Requires-Dist: sphinx-rtd-dark-mode~=1.3.0 ; extra == "docs"
Requires-Dist: sphinxcontrib-openapi ; extra == "docs"
Requires-Dist: pymysql==1.1.0 ; extra == "mysql"
Requires-Dist: psycopg[binary]==3.1.9 ; extra == "postgres"
Requires-Dist: pre-commit~=3.3.3 ; extra == "pre-commit"
Requires-Dist: pylint~=2.17.4 ; extra == "pre-commit"
Requires-Dist: pylint-pytest~=1.1.2 ; extra == "pre-commit"
Requires-Dist: pylint-django~=2.5.3 ; extra == "pre-commit"
Requires-Dist: flit ; extra == "release"
Requires-Dist: pyinstaller ; extra == "release"
Requires-Dist: pytest ; extra == "tests"
Requires-Dist: pytest-cov ; extra == "tests"
Requires-Dist: pytest-django~=4.5.2 ; extra == "tests"
Requires-Dist: pytest-regressions~=2.4 ; extra == "tests"
Project-URL: Source, https://github.com/crivella/ocr_translate
Provides-Extra: docs
Provides-Extra: mysql
Provides-Extra: postgres
Provides-Extra: pre-commit
Provides-Extra: release
Provides-Extra: tests

# OCR_translate

This is a Django app for creating back-end server aimed at performing OCR and translation of images received via a POST request.

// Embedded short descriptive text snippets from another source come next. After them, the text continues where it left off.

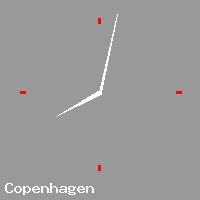Best call rates from Australia to DENMARK. This is a live localtime clock face showing the current time of 11:04 pm Sunday in Copenhagen.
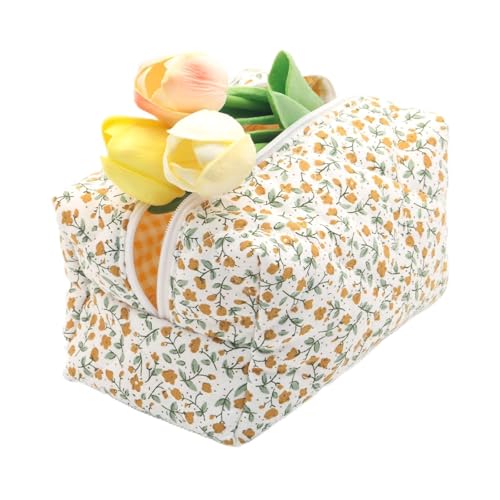 Quilted cosmetic bag with floral pattern and large capacity made of soft cotton material for makeup brushes and beauty utensils (orange)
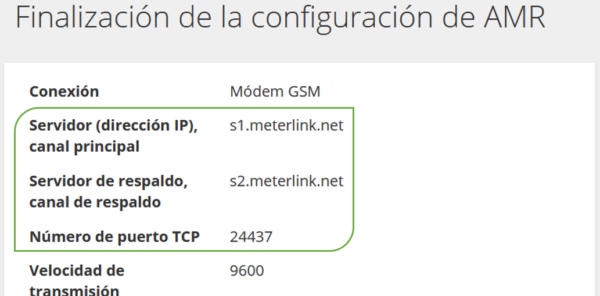 Resultados de la configuración de la AMI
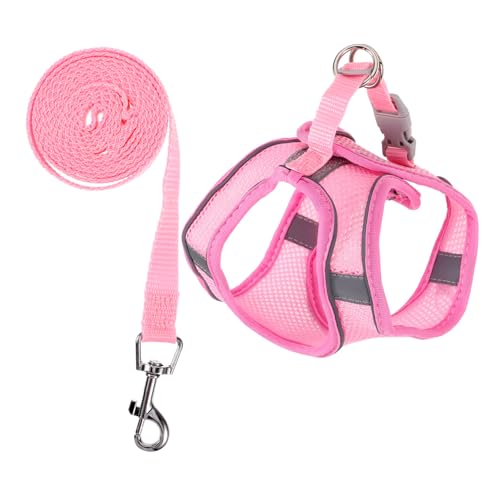 Set Haustiergeschirr, Haustier-Hundegeschirr, verstellbare Hundeleine, Laufleine, reflektierendes Hundegeschirr, Hundegeschirr für den Außenbereich (Rosa, 38 x 30 x 0,10 cm) von EUTYRG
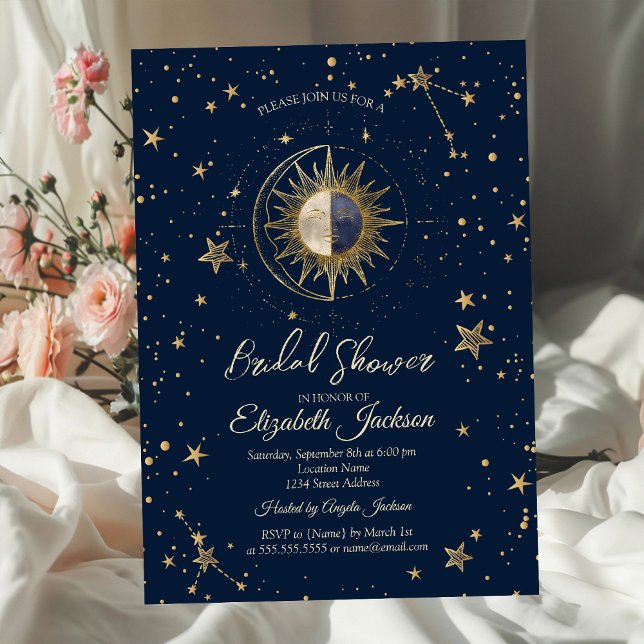 Convites Celestial Sun Stars Galaxy Bridal Shower  (Criador carregado)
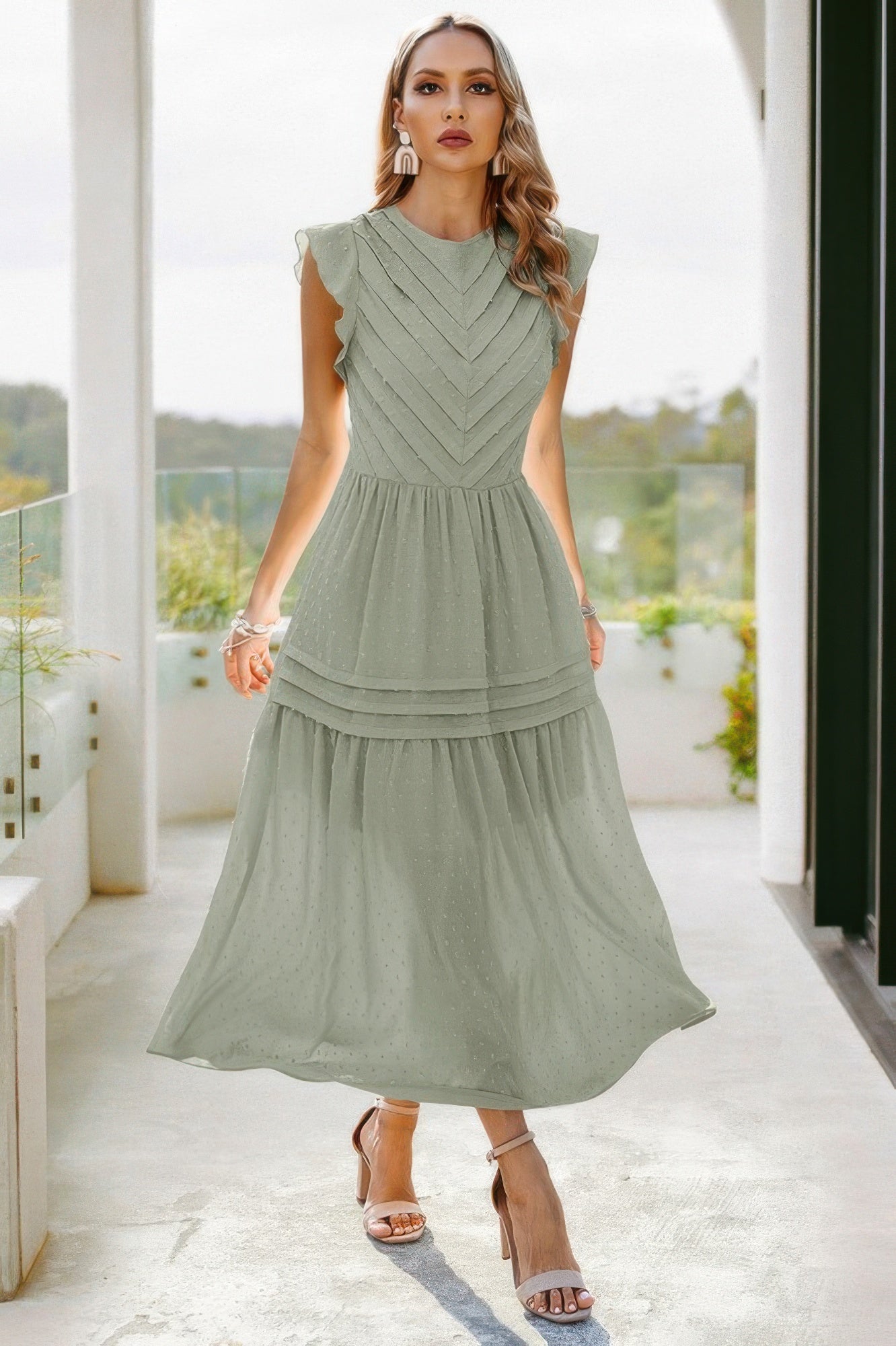 Ruffle Solid Willow Smocked Maxi Dress - LODIMAE FASHION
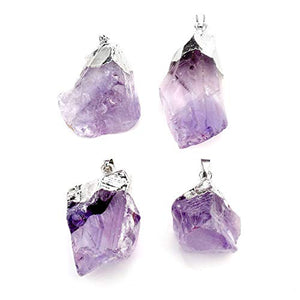 Top Plaza Reiki Healing Crystal Stone Pendant Necklace Irregular Natural Raw Amethyst Gemstone Necklaces for Womens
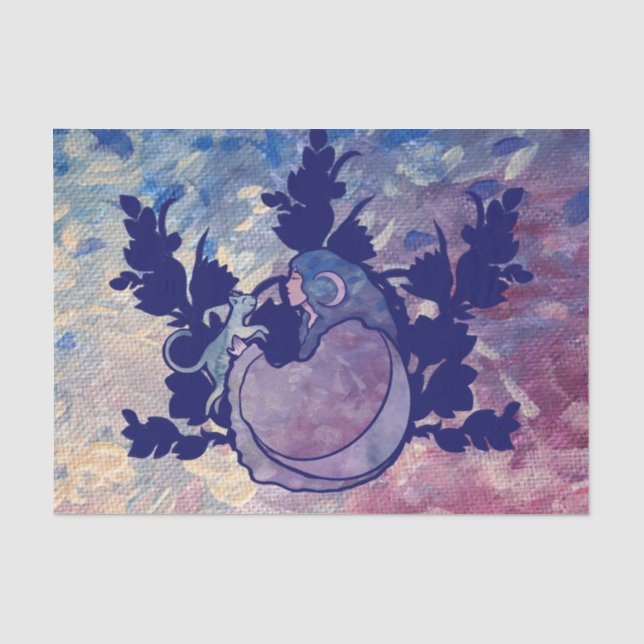 Papier Mousseline Chat Sorcière Lune déesse Wiccan Chat (Recto)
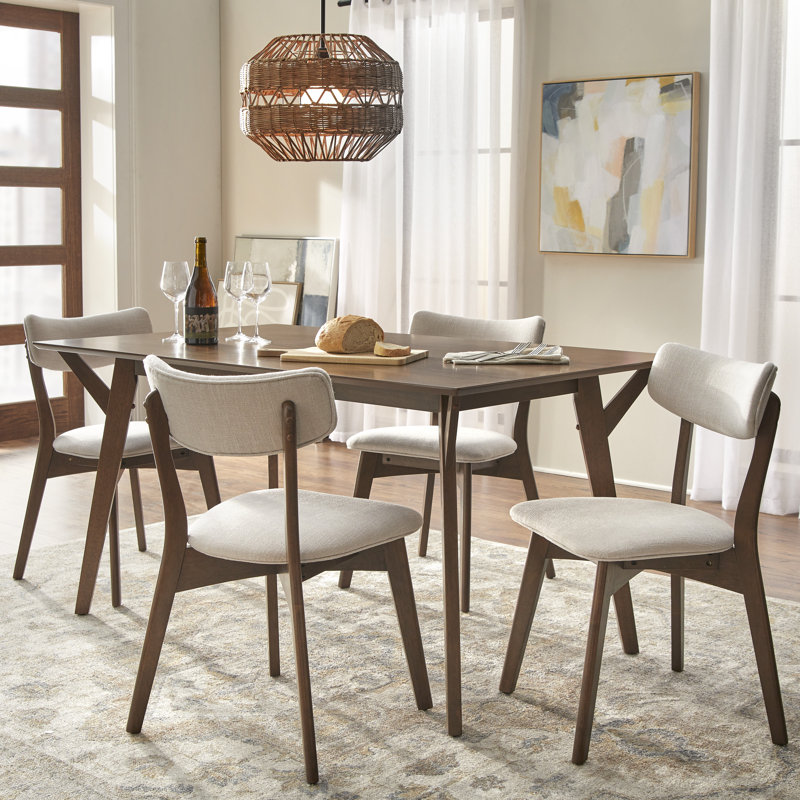 Ensemble de salle à manger Colella, Beige, 5 pièces: table, 4 chaises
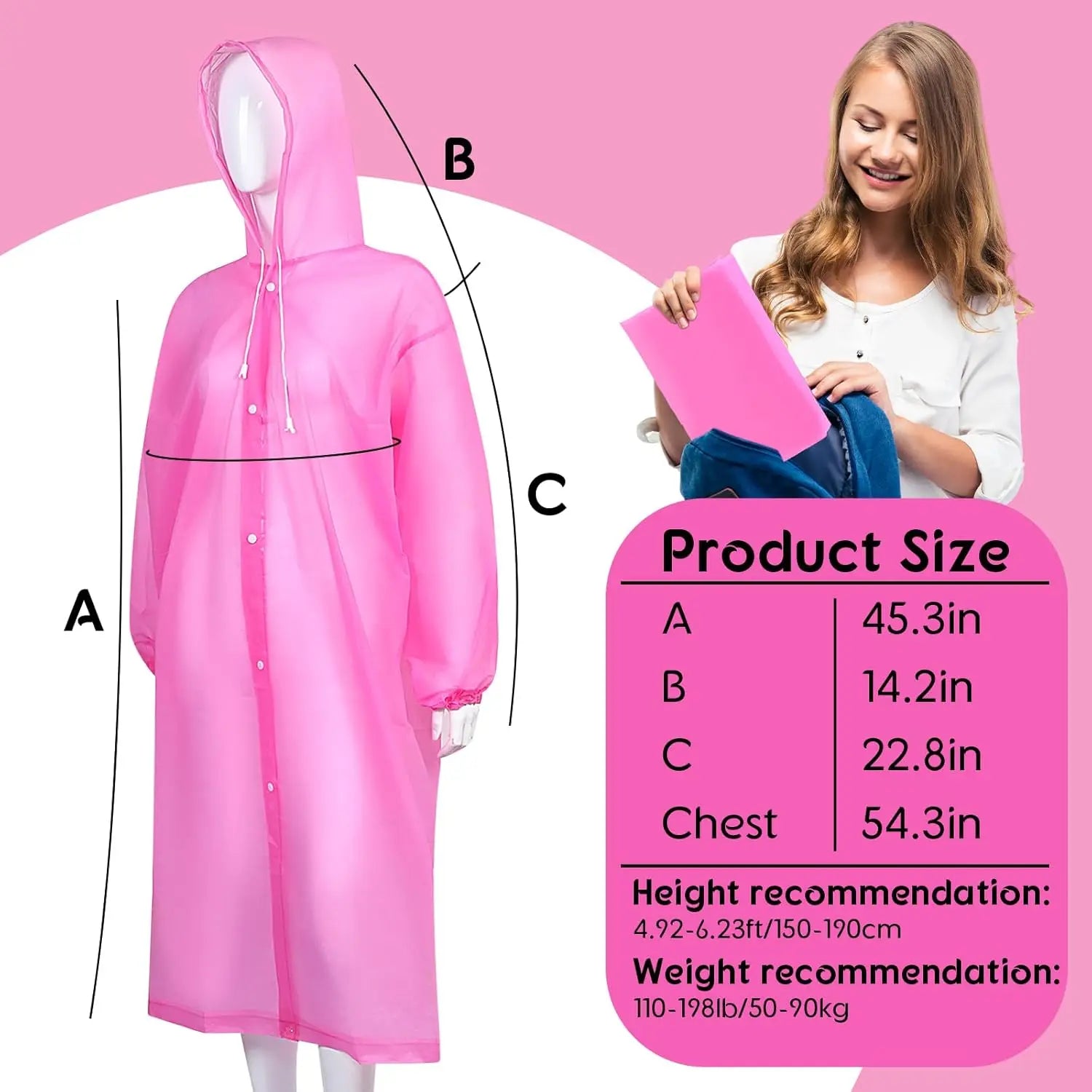 Thick Waterproof Pink Raincoat for Women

The OCR and translation is performed using freely available machine learning models and packages (see below for what is currently implemented).

The server is designed to be used together with [this browser extension](https://github.com/Crivella/ocr_extension), acting as a front-end providing the images and controlling the model languages and models being used.

[Full Documentation](https://crivella.github.io/ocr_translate/)

## Running the server

If you plan to use a different settings (eg. database, or model location), you can either:

- manually edit the [settings.py](mysite/settings.py)
- Use the provided [Environment variables](#environment-variables)
See below for a [list of supported databases](#supported-databases)

You will also have to modify the `ALLOWED_HOSTS` in case you plan to access the server from somewhere other than *localhost*.

All the different way to run the server may provide different set of default values (each of them is targeted for a different level of usage).

### From Release file

(Tested on Windows 11)
From the [github releases page](/../../releases/) you can download either:

- The [CPU only version](/../../releases/latest/download/run_server-cpu.zip)
- The GPU version split in [file 1](/../../releases/latest/download/run_server-gpu.zip.001) and [file 2](/../../releases/latest/download/run_server-gpu.zip.002) (The CUDA dependencies makes it take much more space), wich can be restored using tools like [7zip](https://www.7-zip.org/https://www.7-zip.org/) and [NanaZip](https://github.com/M2Team/NanaZip).

Usage:
Unzip the file and from inside the folder, run the `run_server-XXX.exe` file (XXX=cpu/gpu)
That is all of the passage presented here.